--- Information provided Enclosed Below ---

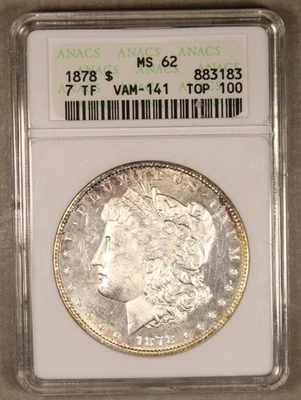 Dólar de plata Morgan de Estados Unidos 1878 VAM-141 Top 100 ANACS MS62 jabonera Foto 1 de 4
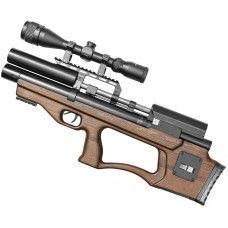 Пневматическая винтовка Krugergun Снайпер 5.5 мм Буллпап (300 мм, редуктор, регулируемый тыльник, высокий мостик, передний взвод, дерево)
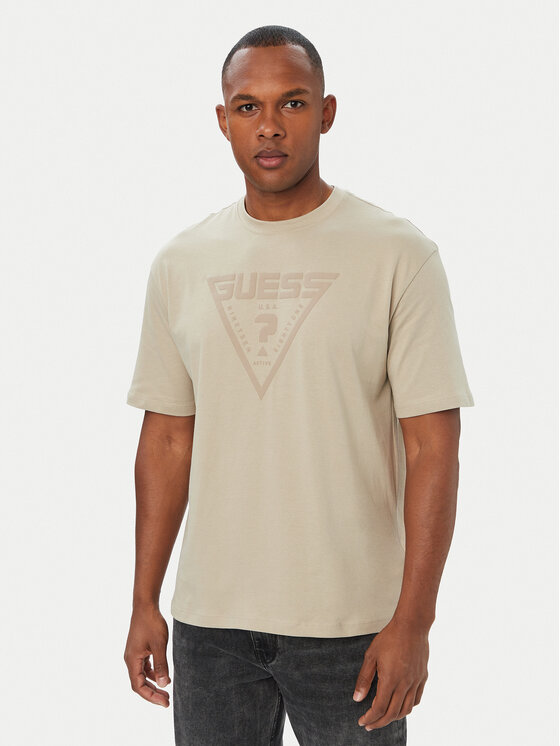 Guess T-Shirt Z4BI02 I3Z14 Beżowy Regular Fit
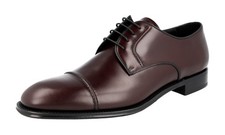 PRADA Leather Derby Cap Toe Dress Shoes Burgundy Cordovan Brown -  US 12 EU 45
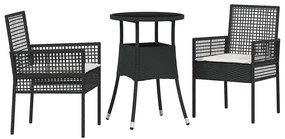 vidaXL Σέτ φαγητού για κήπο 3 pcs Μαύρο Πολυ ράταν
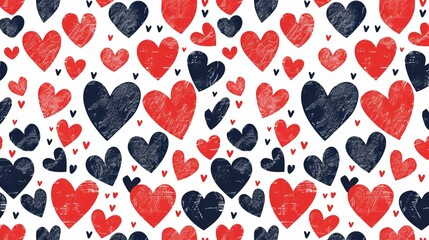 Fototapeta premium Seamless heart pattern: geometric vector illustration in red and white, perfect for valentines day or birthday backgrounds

--- End of Enclosed Information provided ---
--- Information provided Enclosed Below ---

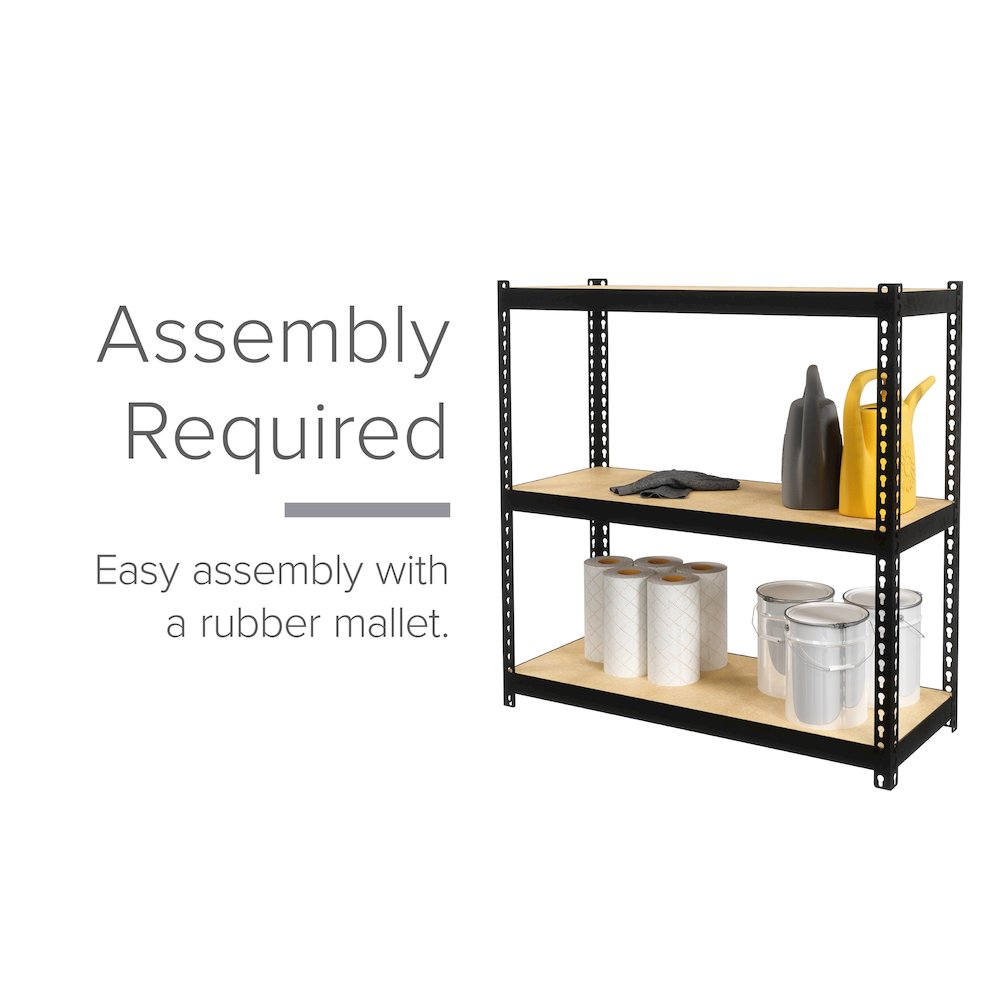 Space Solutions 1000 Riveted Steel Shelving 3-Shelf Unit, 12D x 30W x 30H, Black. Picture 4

--- End of Enclosed Information provided ---

Task requirements
Could you write out exactly the lines of the data above that run from the one holding "Guess T-Shirt Z4BI02" to the one holding "Fototapeta premium Seamless", with both ends in and all pictures out?

Finished exercise
 Guess T-Shirt Z4BI02 I3Z14 Beżowy Regular Fit
 PRADA Leather Derby Cap Toe Dress Shoes Burgundy Cordovan Brown -  US 12 EU 45
 vidaXL Σέτ φαγητού για κήπο 3 pcs Μαύρο Πολυ ράταν
 Fototapeta premium Seamless heart pattern: geometric vector illustration in red and white, perfect for valentines day or birthday backgrounds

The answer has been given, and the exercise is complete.